:: What the task asks ::
Range to output from the entries below: the line containing "Tyler Vollrath (left)" through the line containing "A wooden deck". Set it down exactly, ends included, nothing else.

:: Task inputs ::
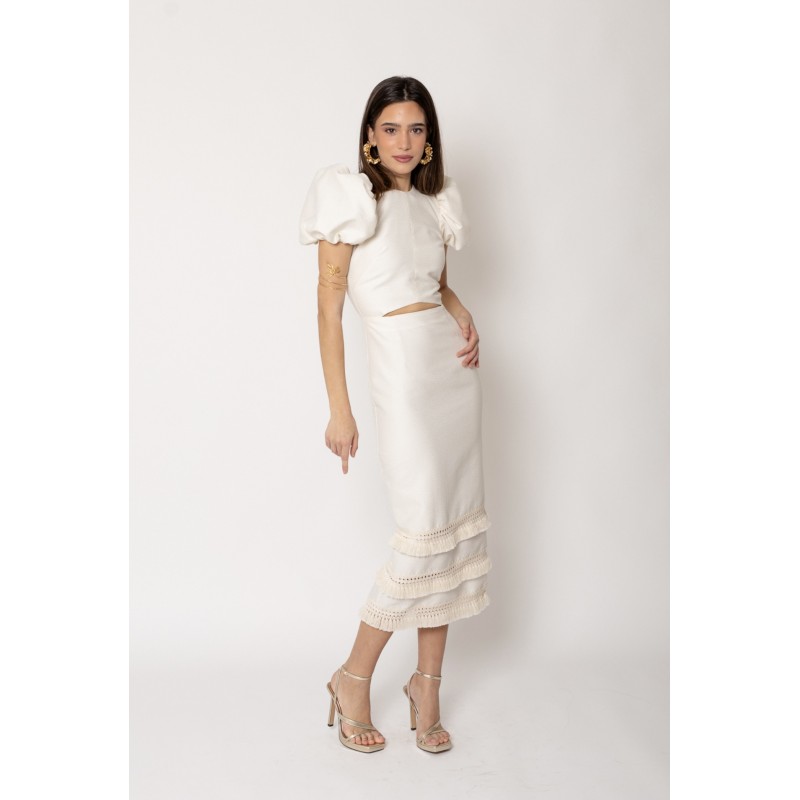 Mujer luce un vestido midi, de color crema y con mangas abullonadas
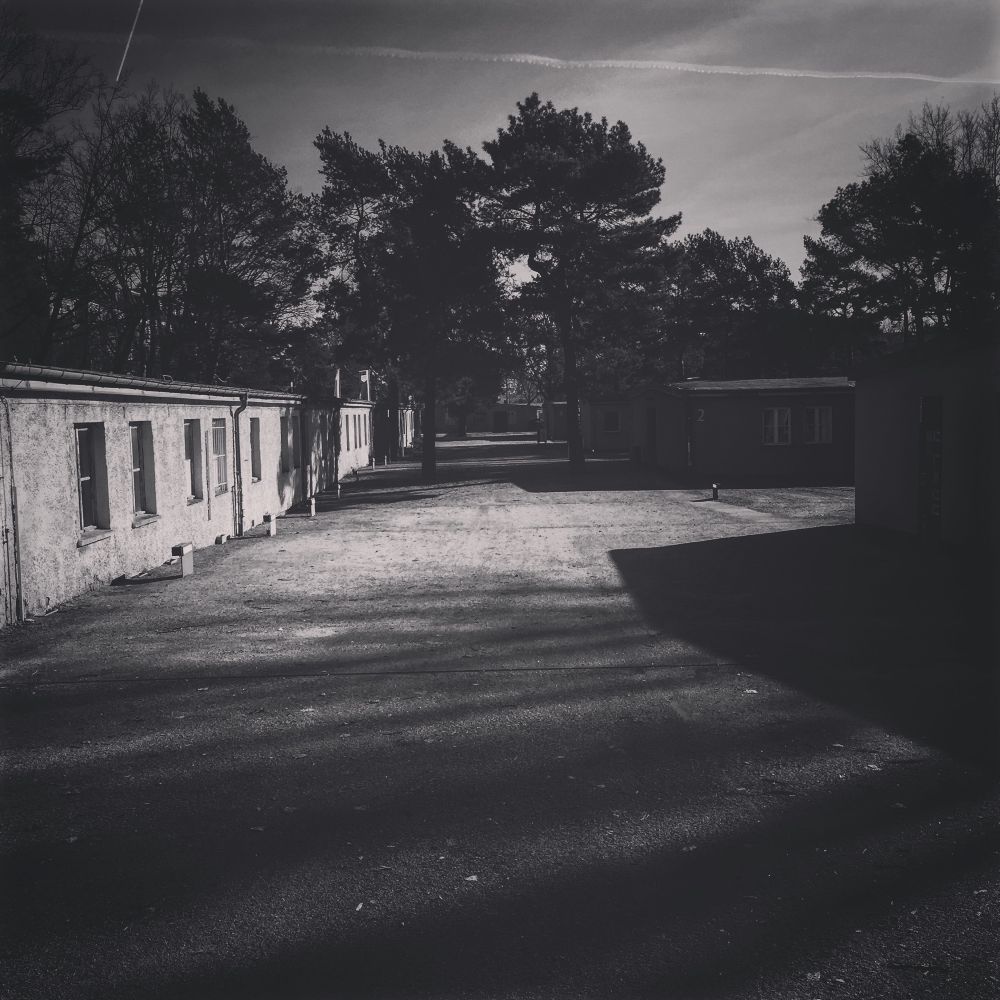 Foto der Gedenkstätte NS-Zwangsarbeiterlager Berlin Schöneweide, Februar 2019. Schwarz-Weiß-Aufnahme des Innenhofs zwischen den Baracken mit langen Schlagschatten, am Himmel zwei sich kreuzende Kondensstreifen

--

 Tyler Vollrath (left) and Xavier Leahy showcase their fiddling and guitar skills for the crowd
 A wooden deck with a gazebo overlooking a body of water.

:: Solution to the problem ::
 Tyler Vollrath (left) and Xavier Leahy showcase their fiddling and guitar skills for the crowd
 A wooden deck with a gazebo overlooking a body of water.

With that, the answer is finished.